I think Evelyn will be in charge when all the aunts are gone. She seems so dedicated, something no one accuses me of when it comes to the reunion. Evelyn and I did discover one thing in common, though. When I first saw Evelyn on Saturday, I said, “Hey, you’ve got my shirt!” She was wearing a glitzy orange T-shirt studded with gold and sequins—just like mine!

“Well, did you get it at the Wal-Mart?” she asked, and we both laughed.
“I know, next year let’s both wear them!” I said.

When no one was paying attention, Evelyn and I agreed if we covered up our heads, no one could tell us apart. About the same weight and height, recognizable square bottom, same (ahem…) ample bosom, long skinny feet, freckly arms. We are kin. We hugged each other.

Evelyn ought to fry more chicken next year. I said I’d never bring another peach cobbler because nobody ate it. If I had brought that roast and had to take it home, I would not be cooking a pot roast again. One of the aunts-by-marriage said she’d remember to stop by Kentucky Fried on the way next year.

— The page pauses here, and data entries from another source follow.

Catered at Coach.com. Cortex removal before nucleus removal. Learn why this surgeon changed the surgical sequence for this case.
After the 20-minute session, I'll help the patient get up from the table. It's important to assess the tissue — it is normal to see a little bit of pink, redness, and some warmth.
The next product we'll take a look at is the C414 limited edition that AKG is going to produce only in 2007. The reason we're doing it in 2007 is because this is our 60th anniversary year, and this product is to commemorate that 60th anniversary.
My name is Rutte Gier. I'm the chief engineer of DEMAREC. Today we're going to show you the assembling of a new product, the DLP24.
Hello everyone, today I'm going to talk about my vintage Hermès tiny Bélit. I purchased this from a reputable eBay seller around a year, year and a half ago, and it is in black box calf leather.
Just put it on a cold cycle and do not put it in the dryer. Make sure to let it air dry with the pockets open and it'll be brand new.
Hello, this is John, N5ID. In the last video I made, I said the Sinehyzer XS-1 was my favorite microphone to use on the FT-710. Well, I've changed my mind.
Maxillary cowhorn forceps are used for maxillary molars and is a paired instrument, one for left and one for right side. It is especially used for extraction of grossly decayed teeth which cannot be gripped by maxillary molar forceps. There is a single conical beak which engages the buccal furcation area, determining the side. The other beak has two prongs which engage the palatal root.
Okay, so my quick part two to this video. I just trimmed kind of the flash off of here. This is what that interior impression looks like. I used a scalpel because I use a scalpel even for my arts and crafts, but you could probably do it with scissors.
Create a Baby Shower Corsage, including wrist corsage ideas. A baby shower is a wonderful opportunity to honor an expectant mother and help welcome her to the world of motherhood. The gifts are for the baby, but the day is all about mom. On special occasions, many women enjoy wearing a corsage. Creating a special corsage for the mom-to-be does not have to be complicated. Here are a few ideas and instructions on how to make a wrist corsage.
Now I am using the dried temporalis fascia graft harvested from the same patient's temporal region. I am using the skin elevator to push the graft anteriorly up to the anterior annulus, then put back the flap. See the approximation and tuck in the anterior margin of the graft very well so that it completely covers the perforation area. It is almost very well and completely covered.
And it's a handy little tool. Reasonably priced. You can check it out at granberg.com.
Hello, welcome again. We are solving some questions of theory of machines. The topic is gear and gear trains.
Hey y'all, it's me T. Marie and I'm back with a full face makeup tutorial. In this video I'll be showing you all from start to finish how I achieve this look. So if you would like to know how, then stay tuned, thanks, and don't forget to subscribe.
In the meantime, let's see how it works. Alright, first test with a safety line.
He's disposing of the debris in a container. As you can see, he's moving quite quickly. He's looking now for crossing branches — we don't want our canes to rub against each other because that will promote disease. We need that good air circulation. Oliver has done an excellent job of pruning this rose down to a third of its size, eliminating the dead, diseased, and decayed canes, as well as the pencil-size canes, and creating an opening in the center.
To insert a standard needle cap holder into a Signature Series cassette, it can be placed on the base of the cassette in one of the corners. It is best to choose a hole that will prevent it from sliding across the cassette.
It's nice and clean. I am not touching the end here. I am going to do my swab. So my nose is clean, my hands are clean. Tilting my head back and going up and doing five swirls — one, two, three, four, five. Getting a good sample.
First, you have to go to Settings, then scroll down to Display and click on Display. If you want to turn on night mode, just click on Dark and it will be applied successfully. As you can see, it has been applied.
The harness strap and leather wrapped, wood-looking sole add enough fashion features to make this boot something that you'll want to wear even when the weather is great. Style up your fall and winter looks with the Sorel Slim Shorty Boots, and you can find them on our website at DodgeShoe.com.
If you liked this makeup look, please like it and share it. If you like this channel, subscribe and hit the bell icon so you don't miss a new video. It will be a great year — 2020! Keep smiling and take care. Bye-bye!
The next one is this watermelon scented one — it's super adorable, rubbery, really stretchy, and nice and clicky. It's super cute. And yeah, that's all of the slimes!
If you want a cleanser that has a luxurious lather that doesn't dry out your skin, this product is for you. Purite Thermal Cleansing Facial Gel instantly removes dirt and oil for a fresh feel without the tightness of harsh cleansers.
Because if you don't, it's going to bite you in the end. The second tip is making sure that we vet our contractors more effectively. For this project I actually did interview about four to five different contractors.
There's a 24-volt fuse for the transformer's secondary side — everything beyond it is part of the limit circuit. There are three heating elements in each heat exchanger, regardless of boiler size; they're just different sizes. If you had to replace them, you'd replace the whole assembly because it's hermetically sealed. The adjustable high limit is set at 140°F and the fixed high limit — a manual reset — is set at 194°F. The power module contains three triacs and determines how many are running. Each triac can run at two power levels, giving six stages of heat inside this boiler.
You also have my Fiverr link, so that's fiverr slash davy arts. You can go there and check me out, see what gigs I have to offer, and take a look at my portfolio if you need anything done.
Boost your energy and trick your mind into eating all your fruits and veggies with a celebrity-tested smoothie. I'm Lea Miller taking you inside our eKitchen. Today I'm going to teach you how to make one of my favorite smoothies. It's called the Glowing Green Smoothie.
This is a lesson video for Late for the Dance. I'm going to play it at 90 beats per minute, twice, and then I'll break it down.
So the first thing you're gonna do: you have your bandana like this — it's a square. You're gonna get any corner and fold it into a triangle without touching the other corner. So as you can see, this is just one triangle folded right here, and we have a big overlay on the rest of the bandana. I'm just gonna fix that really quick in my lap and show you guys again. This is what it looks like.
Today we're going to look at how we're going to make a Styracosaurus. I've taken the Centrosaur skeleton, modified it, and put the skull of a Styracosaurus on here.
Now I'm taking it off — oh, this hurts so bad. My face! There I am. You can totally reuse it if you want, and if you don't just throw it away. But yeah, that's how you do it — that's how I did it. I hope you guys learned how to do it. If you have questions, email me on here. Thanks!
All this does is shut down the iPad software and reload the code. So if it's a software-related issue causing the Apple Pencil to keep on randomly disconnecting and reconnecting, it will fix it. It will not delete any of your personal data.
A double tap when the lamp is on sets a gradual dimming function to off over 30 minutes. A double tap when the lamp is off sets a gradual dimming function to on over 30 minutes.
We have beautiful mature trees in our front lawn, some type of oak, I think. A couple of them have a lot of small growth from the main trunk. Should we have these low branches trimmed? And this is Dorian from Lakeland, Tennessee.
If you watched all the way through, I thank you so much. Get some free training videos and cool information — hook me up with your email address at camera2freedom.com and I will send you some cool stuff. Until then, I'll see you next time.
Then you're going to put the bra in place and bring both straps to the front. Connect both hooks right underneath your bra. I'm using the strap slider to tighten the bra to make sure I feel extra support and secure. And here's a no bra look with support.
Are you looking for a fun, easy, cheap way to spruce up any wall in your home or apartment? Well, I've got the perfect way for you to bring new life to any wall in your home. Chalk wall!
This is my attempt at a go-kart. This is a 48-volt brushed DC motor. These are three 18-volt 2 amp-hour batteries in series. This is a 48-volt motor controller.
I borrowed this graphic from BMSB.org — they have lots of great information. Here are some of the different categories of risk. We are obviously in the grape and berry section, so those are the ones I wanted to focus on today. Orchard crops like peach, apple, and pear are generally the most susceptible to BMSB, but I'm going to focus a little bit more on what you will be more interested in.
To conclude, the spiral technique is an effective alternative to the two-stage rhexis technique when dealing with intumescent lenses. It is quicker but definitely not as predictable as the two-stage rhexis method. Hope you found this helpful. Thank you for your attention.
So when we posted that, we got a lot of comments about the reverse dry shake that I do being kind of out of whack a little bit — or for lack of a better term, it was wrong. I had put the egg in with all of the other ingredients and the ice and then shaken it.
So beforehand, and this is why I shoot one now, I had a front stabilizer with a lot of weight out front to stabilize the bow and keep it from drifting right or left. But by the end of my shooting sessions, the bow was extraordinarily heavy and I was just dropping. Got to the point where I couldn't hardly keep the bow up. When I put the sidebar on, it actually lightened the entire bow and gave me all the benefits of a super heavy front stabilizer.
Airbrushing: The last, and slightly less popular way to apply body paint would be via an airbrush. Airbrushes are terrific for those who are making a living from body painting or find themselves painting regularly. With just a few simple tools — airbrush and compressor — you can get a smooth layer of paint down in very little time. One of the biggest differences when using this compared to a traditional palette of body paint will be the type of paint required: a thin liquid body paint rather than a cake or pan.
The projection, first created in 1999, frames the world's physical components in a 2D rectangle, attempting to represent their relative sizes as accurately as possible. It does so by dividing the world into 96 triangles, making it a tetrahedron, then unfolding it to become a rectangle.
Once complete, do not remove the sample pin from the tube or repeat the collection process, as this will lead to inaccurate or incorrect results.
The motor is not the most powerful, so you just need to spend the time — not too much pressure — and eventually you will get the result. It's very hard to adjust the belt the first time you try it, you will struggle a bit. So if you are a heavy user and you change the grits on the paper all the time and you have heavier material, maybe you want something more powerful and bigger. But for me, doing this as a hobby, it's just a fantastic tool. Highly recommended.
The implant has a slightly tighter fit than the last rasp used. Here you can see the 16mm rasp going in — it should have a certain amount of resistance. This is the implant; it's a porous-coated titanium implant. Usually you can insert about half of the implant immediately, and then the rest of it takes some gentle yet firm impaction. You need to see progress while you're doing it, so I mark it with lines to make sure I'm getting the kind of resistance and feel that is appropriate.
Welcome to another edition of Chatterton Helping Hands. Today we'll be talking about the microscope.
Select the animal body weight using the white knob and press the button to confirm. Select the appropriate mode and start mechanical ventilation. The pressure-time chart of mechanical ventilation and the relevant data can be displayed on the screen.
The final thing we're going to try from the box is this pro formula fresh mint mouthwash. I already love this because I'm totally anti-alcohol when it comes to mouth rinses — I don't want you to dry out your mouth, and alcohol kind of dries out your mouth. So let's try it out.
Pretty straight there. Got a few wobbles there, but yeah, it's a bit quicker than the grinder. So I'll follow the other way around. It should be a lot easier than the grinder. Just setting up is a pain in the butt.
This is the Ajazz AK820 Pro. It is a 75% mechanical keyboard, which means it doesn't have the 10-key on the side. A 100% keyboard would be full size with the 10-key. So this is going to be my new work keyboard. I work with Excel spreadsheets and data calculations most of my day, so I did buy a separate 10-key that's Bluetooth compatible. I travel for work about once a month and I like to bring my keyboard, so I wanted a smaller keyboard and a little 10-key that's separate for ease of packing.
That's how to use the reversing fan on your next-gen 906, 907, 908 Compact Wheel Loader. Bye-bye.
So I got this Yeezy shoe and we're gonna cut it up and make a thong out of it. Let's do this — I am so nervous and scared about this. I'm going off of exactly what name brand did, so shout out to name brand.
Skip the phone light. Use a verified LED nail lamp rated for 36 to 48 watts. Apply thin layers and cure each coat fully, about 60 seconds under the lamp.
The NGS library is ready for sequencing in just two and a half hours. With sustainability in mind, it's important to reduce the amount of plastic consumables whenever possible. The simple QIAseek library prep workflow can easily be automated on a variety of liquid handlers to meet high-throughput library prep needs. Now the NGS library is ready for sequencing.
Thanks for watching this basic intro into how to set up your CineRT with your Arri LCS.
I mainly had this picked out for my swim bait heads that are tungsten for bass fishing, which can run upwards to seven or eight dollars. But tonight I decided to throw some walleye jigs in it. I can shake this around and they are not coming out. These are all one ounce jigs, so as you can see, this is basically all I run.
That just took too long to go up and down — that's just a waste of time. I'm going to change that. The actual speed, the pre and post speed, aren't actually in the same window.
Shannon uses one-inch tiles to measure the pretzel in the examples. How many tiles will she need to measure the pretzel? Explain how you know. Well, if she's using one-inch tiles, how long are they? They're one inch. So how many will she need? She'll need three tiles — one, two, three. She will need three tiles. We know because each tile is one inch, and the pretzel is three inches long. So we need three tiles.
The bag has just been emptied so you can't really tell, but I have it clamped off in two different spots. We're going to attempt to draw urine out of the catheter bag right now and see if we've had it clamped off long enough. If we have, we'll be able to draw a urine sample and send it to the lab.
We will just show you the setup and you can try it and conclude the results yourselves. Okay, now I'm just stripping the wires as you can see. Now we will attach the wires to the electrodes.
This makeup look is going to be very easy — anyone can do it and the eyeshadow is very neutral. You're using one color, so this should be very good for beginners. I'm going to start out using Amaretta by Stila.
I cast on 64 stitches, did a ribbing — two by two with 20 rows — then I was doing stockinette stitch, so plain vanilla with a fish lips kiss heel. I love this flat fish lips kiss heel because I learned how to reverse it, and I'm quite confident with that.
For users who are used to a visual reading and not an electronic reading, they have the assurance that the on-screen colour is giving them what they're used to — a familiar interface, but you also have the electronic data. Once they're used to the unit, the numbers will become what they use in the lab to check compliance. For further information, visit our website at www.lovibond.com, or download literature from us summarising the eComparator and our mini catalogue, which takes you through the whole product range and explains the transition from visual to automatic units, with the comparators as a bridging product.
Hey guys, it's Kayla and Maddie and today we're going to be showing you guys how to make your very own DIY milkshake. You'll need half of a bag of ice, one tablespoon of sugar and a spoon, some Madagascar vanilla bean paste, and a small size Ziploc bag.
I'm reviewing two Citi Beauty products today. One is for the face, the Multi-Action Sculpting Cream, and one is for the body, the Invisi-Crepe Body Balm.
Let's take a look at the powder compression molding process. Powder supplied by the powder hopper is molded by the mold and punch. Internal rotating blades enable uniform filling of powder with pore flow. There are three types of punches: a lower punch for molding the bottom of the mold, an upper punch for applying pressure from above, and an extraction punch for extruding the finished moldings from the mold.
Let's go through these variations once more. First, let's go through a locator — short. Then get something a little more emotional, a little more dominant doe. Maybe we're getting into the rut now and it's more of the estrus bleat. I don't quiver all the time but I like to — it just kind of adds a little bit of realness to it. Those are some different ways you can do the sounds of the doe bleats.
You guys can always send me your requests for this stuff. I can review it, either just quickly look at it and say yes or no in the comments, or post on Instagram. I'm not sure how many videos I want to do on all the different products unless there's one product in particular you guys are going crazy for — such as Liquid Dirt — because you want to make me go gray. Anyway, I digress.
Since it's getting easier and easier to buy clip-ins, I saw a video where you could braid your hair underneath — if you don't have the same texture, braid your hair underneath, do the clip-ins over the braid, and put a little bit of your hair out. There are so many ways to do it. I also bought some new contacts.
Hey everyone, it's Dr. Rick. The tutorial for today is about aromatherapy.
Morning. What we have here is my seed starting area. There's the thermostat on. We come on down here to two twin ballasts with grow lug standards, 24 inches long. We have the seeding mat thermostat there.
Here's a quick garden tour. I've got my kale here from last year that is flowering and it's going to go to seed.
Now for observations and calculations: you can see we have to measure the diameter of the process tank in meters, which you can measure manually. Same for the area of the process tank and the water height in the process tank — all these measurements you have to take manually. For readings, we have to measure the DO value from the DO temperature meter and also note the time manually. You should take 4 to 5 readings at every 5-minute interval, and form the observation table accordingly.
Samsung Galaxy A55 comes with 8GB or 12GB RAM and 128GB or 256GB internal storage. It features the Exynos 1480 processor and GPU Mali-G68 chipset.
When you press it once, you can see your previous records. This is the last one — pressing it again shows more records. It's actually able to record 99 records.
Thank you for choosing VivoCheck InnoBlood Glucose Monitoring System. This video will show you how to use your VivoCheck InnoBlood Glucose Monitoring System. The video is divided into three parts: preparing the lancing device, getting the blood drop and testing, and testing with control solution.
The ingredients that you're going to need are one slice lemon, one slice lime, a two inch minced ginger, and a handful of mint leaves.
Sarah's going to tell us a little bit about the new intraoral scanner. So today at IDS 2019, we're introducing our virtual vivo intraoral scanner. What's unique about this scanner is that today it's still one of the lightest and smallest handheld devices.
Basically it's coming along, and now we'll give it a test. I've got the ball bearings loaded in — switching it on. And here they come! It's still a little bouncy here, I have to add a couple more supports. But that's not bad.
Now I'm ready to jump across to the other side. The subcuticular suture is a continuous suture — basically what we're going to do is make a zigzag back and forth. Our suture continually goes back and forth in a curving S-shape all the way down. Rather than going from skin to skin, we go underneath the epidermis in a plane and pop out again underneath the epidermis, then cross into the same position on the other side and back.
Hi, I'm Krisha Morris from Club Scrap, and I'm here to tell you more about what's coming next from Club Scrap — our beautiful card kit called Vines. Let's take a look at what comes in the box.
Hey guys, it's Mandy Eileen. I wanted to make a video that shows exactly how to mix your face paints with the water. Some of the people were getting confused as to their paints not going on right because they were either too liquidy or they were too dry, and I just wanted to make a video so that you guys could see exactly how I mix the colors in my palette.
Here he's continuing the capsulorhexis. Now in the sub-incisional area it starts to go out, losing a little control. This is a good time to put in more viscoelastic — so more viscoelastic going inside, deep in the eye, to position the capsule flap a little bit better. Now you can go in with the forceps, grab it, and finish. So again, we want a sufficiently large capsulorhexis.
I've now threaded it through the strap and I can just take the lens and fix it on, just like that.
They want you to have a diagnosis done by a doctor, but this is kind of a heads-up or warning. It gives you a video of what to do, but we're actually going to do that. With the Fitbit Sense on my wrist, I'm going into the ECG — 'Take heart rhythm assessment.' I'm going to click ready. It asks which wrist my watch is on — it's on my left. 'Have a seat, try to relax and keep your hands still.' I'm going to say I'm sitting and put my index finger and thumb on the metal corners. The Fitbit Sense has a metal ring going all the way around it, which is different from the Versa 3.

Aunt Bessie said she didn’t need to take up a collection this year because she had money left over from last year to rent the shelter for 2013. A few of the cousins circled up and vowed to bring some chairs that we could all get in and out of since some of the Blairs had such a hard time with the picnic tables and benches. We weren’t just talking about the aunts and uncles.

Tuesday morning, Mom announced that she was cooking a pork roast, butternut squash, and potato cakes for dinner. Dad cut a path down into the ravine and cleared off a third of the bank. When we sat down to the mid-day big meal, Mom said she thought maybe I ought to cook a pork roast for next year’s reunion. Dad said, “There’s never enough chicken.” Dave said there’s always way too much food.

I just hope somebody brings a guitar next year and we’ll sing—like we used to.